IN A letter received by First Milk members yesterday morning, Richard Greenhalgh drove home the point that ex-farm prices would have to rise "to secure supply".
Greenhalgh, chairman of the co-operative owned by its 2,700 member farmers, wrote: "Liquid milk returns have lagged the wider market.
"The booming commodity prices that were a feature of the market until around November are now well gone, with s
ome ingredient prices now lower than they were at this time last year.
"However, the euro/pound exchange rate is helping our competitive position, particularly in the cheese markets.
"Our message is that it is reasonable that producers should be able to cover their costs and make a profit to invest in the business. Price negotiations are never easy, but our sales team is totally focused on pushing the message home with customers."
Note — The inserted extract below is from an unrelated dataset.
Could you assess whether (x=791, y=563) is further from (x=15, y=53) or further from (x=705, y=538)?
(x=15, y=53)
A recent report commissioned by First Milk and compiled by the consultants Promar made a very strong case for higher prices for farmers. In its wake, MPs, MSPs and Assembly Members in Wales have requested face-to-face discussions and First Milk is in the process of arranging meetings in Westminster, Edinburgh and Cardiff.
First Milk has no intention of standing still and has plans to develop the business, as Greenhalgh made clear in his letter.
He wrote: "The board has approved proposals for a new capital structure, the aim of which will be to reward your investment, based on the performance of the business. We will consult on the detail of the structure with local representatives in April, and also through the next round of discussion groups.
"In addition, while there was disappointment last month that we were unable to complete the merger deal with Milk Link, we continue to have a clear view on the shape of the business we need to create. As always, the gains will be hard earned, but we will not shrink from this task."